Q: Why acquire Atheros and why now?
      •      Inflection point in the industry
      •      Business expansion opportunity
      •      Smartphone bleeding into mobile computing and other consumer electronics
      •      Growing importance of technology integration and platform solutions

Q: Lower margin business / More competitive space / Commodity products?
      •      Business expansion opportunity into new and different product groups
      •      Enables Qualcomm to compete beyond each of our existing product lines and
             across product groups with platform / systems sales
      •      Significant scale benefits over time

Q: Is Qualcomm Wi-Fi technology unsuccessful? Are you solving for failure?
       •     This accelerates Qualcomm’s entry into new product groups, doesn’t replace
             existing solutions
       •     Remain committed to announced integrated solutions

Q: What is the incremental TAM created?
      •        Acquisition is about the new opportunities we can create together not about
               adding their TAM to ours

Q: What are the synergies? Headcount reductions?
      •       Acquisition is about expansion, not headcount or cost synergies
      •       Focused on growing the business, do not expect workforce reductions to be
              central to our strategy, however, redundant positions are a possibility
      •       Scale benefits over time



                                                                                             Page 3
Q: Why confident on ability to integrate?
      •      Long history of working together, deliver products together today
      •      Excellent leadership and common cultures

Q: Is going after Broadcom a good strategy?
        •      Acquisition is not about going after one competitor, but better serving new and
               existing customers
        •      Both Atheros and Qualcomm already do well on own
        •      Unique combined product portfolio

Q: What guidance points will you be providing?
      •      QCA will fold into our QCT segment, which we will continue to report
      •      We have a history of providing useful information to investors and will continue
             to follow this philosophy. We aren’t making specific disclosures in this regard at
             this time.


                               General and Deal Rationale

Q1: Why did Qualcomm acquire Atheros?

A: Our comprehensive industry-leading connectivity and networking portfolio will help
accelerate the expansion of Qualcomm’s presence in existing businesses and provide access to
significant new business opportunities with additional products and channels. The combination
of our technologies will provide rich and complete platforms that enable our customers to deliver
more compelling user experiences, accelerate time-to-market and expand their footprint.
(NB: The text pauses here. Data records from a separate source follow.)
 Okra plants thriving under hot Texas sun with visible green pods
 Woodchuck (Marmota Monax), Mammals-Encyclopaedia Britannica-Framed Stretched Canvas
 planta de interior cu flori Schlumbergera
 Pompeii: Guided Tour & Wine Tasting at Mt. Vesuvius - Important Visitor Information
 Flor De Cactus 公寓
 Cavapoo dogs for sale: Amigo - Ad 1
Q2: Who is Atheros (now part of Qualcomm Atheros, Inc.)?

A: Qualcomm Atheros is now a wholly owned subsidiary of Qualcomm. It is a leading provider
of wireless and wired technologies for the mobile, networking, computing and consumer
electronics markets.

It offers its global customer base high-performance, end-to-end solutions, featuring Wi-Fi®,
GPS, Bluetooth®, FM, Ethernet, HomePlug™ Powerline and PON technologies. By leveraging
substantial expertise in RF, signal processing, software and networking Qualcomm Atheros can
deliver highly-integrated, low-power, system-level solutions designed to enable developers to
create high-performance, differentiated products.
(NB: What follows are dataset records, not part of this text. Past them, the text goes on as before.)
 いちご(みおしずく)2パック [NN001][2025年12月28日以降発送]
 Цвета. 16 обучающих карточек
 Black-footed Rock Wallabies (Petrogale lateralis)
Q3: What products does Atheros sell and how do they fit with Qualcomm’s portfolio of
cellular products?

A: Atheros’ product portfolio includes solutions for WLAN (also referred to as Wi-Fi), Ethernet,
Bluetooth, Global Positioning System (GPS), Powerline Communications (PLC) and Passive
Optical Networking (PON). This acquisition combines the technology strength and leadership of
Qualcomm in mobile platforms and WAN technology, with the technology strength and
leadership of Atheros in LAN connectivity. This combination will provide rich and complete
platforms that enable Qualcomm’s customers to deliver more compelling user experiences,
accelerate time-to-market and expand their footprint. Leveraging the combined scale of two


                                                                                          Page 4
fabless semiconductor leaders will increase our ability to deliver high-performance products
quickly, at high volume and at great value.
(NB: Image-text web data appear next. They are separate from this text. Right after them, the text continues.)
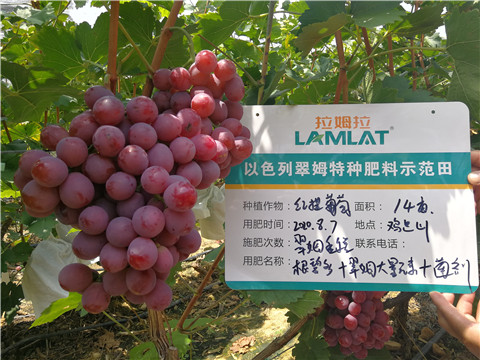 進口水溶肥，拉姆拉，翠姆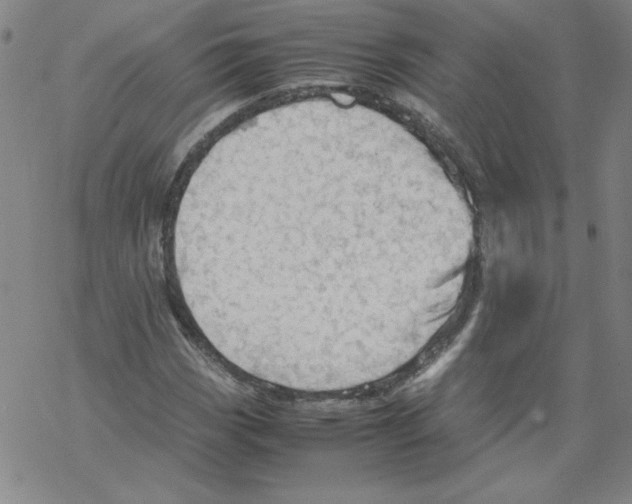 X0000067521113200605051847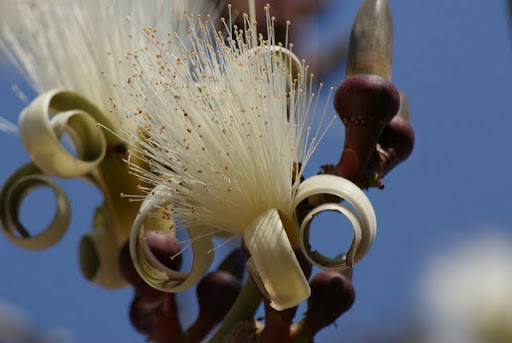 tree leaves bottle brown brush flower bottle brush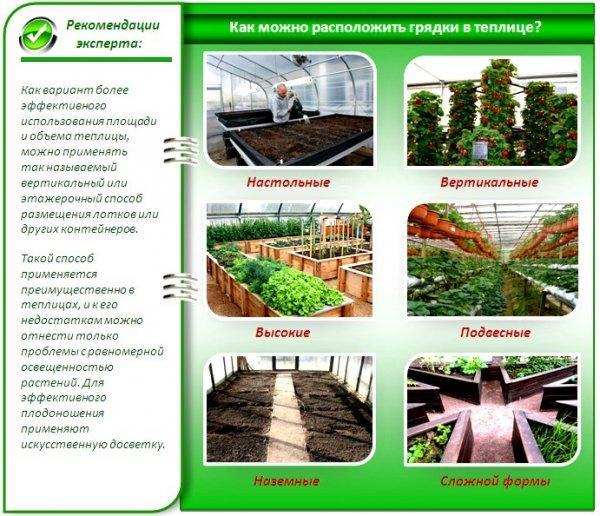 Делаем грядки в теплице правильно: расположение, ширина, высота, фото 9
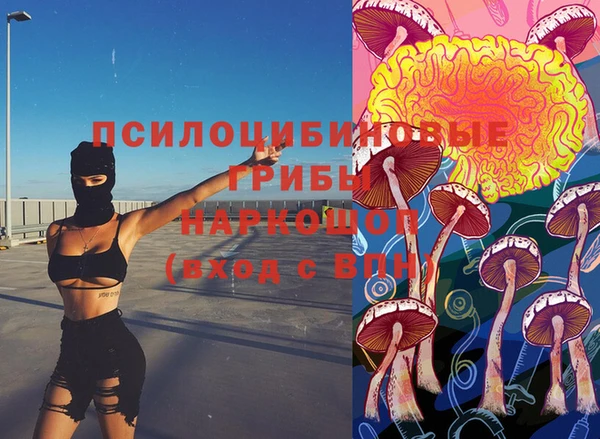 таблы Алексин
Q4: What are the terms of the deal?

A: We are purchasing all of the company’s common stock for $45 per share in cash, for
approximately $3.1 billion, enterprise value.

Q5: What synergies are you hoping to achieve in this deal?

A: This acquisition combines the technology strength and leadership of Qualcomm in mobile
platforms and WAN technology, with the technology strength and leadership of Atheros in LAN
connectivity. Qualcomm and Atheros share engineering-focused cultures with demonstrated
execution capabilities and proven track records in developing technologies that help our
customers deliver the most compelling products and user experiences. We have complementary
customer relationships around the world, with particular strength in high-growth businesses. The
combination enables Qualcomm to leverage the engineering expertise and investments of both
companies across expanding businesses. Leveraging the combined scale of two fabless
semiconductor leaders will increase our ability to deliver high-performance products quickly, at
high volume and at great value.

Q6: Why did Qualcomm buy a lower margin business?

A: This acquisition was focused on enabling expansion for Qualcomm beyond cellular (i.e.
computing, consumer electronics, and networking) by adding to its suite of best-in-class
technologies. Qualcomm currently provides semiconductor products that compete in approx. $20
billion portion of the $200 billion total semiconductor opportunity. We continue to see attractive
growth opportunities in our core cellular business and we are confident in our ability to benefit
from future growth opportunities as connectivity technologies converge.

Q7: Will Qualcomm make other large acquisitions in the future?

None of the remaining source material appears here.